Adopted By: Various OpenStep classes

Declared In: Foundation/NSObject.h

Protocol Description

A class whose instances provide functional copies of themselves should adopt the NSCopying protocol. The exact meaning of copy can vary from class to class, but a copy must be a functionally independent object, identical to the original at the time the copy was made. Where the concept immutable vs. mutable applies to an object, this protocol produces immutable copies; see the NSMutableCopying protocol for details on making mutable copies. Property list classes (NSString, NSData, NSArray, and NSDictionary) guarantee immutable returned values.

In most cases, to produce a copy that's independent of the original, a deep copy must be made. A deep copy is one in which every instance variable of the receiver is duplicated, instead of referencing the variable in the original object. If the receiver's instance variables themselves have instance variables, those too must be duplicated, and so on. A deep copy is thus a completely separate object from the original; changes to it don't affect the original, and changes to the original don't affect it. Further, for an immutable copy, no part at any level may be changed, making a copy a snapshot of the original object.

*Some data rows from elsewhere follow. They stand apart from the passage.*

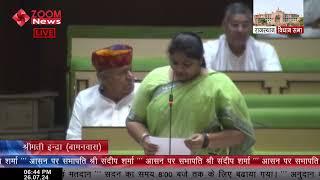 बामनवास विधायक इंदिरा मीणा का राजस्थान विधानसभा में भाषण | Bamanwas MLA Indra Meena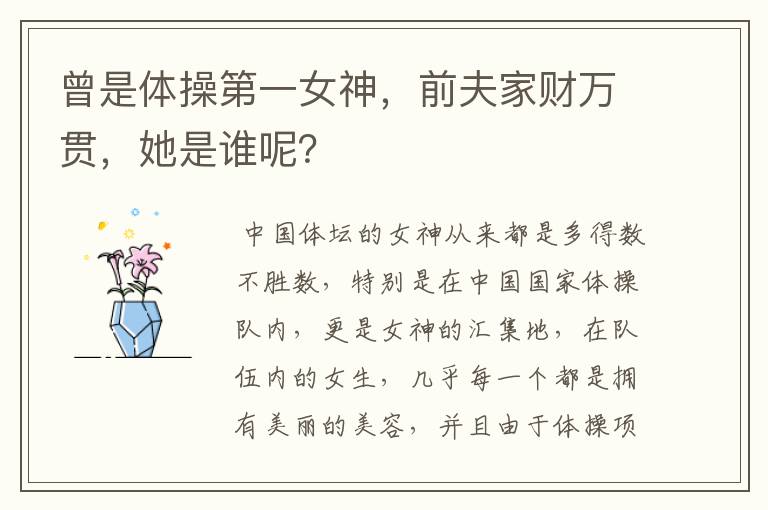 曾是体操第一女神，前夫家财万贯，她是谁呢？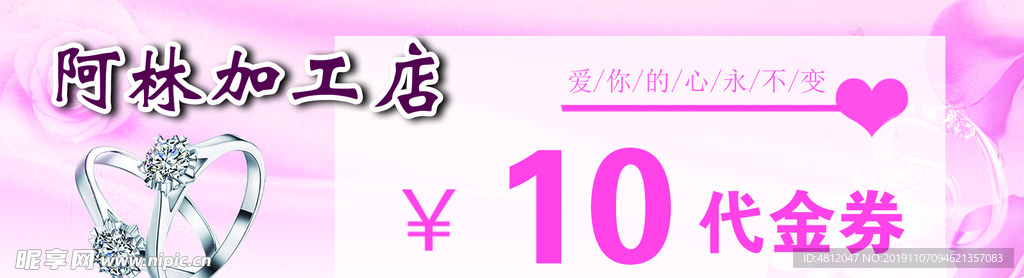 戒指代金券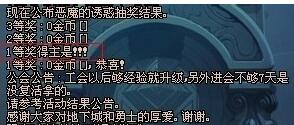 DNF：有多少人還記得這個廢棄系統 惡魔的誘惑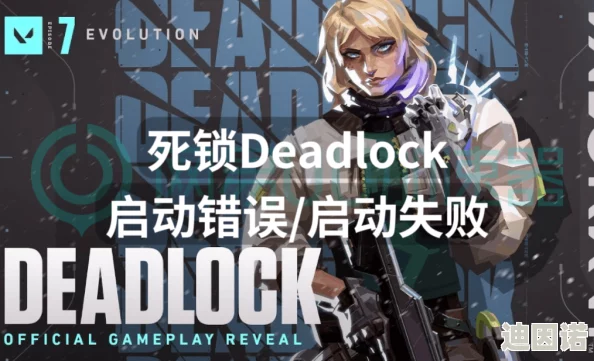 死锁Deadlock游戏攻略：新手英雄推荐及防死锁策略详解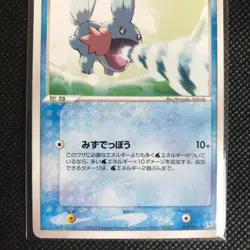 Mudkip Pokemon Card Rare Made in Japan Pocket Monster NINTENDO F/S - Image 2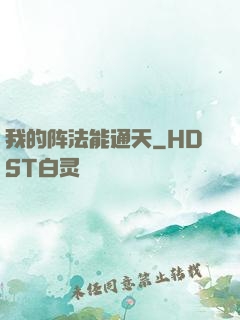 我的阵法能通天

Making a complete deep copy isn't always needed. Some objects can reasonably share instance variables among themselvesa static string object that gets replaced but not modified, for example. In such cases your class can implement NSCopying more cheaply than it might otherwise need to.

The typical usage of NSCopying is to create passing by value value objects.

Contrary to most methods, the returned object is owned by the caller, who is responsible for releasing it.

Copying Objects

- (id)copyWithZone:(NSZone *)zone Returns a new instance that's a functional copy of the receiver. Memory for the new instance is allocated from zone. For collections, creates a deep (recursive) copy. The copy returned is immutable if the consideration immutable vs. mutable applies to the receiving object; otherwise the exact nature of the copy is determined by the class. The returned object is owned by the caller, who is responsible for releasing it.